TRIBUNLOMBOK.COM - Kalau kamu sedang di Mataram dan bingung mau ke mana hari Minggu pagi ini, coba deh arahkan kendaraanmu ke Taman Udayana.

Tempat ini bukan tipe taman yang mewah atau futuristik, tapi justru kesederhanaan dan suasananya yang adem yang bikin warga lokal betah balik lagi setiap pekannya.

Sebagai salah satu ruang terbuka hijau utama di kota ini, Udayana menjadi titik kumpul paling favorit untuk sekadar "ngadem" di bawah pepohonan besar yang sudah berumur puluhan tahun.

Puncak kemeriahan di taman ini terjadi setiap Minggu pagi melalui agenda Car Free Day (CFD).

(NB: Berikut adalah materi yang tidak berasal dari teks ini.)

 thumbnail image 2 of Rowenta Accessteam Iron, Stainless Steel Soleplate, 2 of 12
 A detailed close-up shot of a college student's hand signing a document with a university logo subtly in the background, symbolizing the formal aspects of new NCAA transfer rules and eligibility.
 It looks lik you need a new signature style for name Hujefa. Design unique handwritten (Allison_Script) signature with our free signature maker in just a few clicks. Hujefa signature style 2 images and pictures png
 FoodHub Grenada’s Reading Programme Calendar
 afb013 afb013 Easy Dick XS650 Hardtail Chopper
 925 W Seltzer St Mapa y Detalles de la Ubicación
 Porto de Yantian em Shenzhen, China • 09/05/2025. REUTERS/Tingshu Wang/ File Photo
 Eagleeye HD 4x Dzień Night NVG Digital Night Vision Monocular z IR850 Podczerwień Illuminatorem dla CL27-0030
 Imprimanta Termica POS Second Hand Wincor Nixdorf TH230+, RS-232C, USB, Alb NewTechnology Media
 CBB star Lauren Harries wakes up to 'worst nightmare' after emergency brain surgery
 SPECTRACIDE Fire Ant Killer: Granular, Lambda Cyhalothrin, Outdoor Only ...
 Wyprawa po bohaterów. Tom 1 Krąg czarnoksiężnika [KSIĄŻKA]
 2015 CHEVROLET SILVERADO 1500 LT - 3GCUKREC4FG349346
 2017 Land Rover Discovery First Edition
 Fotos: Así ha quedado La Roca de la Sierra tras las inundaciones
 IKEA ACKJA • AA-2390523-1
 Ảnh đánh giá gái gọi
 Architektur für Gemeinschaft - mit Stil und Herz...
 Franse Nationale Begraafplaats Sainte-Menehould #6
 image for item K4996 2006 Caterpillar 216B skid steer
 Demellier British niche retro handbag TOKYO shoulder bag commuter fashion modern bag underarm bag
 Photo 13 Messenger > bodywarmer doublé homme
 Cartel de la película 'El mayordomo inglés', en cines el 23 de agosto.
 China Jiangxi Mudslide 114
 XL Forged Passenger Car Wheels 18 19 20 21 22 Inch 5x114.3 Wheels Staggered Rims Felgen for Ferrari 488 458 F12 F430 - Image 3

Mulai pukul 06.00 hingga 10.00 WITA, denyut nadi jalanan yang biasanya riuh oleh mesin kendaraan berubah menjadi ruang publik yang bebas polusi.

Di sini, Anda bisa bergabung dengan ribuan warga lainnya untuk melakukan berbagai aktivitas menyenangkan, mulai dari jogging santai, bersepeda bareng komunitas, hingga sekadar cuci mata menikmati deretan stan kuliner dan barang unik yang berjejer rapi di sepanjang jalan.

Tak hanya soal olahraga, Taman Udayana juga merupakan panggung kreativitas.

Salah satu ikon yang paling mencuri perhatian adalah amfiteater megah yang mampu menampung hingga 3.000 penonton.

Keindahan arsitekturnya terpancar dari ornamen replika gunung-gunung wayang yang menghiasi sisi panggung, sebuah representasi visual dari kekayaan budaya Nusa Tenggara Barat.

Tempat ini sering kali menjadi pusat penyelenggaraan acara seni dan hiburan yang menambah semarak suasana akhir pekan.

Bagi keluarga, taman ini adalah taman bermain yang inklusif. Tersedia area bermain anak, lapangan basket, serta alur jogging yang ramah bagi segala usia.

Setelah lelah beraktivitas, Anda bisa bersantai di warung-warung lesehan yang tersedia sambil menikmati kudapan lokal.

Fasilitas umum seperti musala, toilet, dan area parkir yang luas memastikan kenyamanan pengunjung terjaga dengan baik sepanjang hari.

Secara administratif, Taman Udayana terletak di lokasi yang sangat strategis, tepatnya di Kelurahan Pejarakan Karya, Kecamatan Selaparang.

Aksesnya sangat mudah dijangkau dari pusat kota maupun bagi wisatawan yang baru mendarat di Bandara Internasional Lombok.

Menariknya lagi, pengalaman wisata yang lengkap ini bisa dinikmati secara gratis. Pengunjung hanya perlu membayar biaya retribusi parkir yang sangat terjangkau, yakni Rp2.000 untuk roda dua dan Rp5.000 untuk roda empat.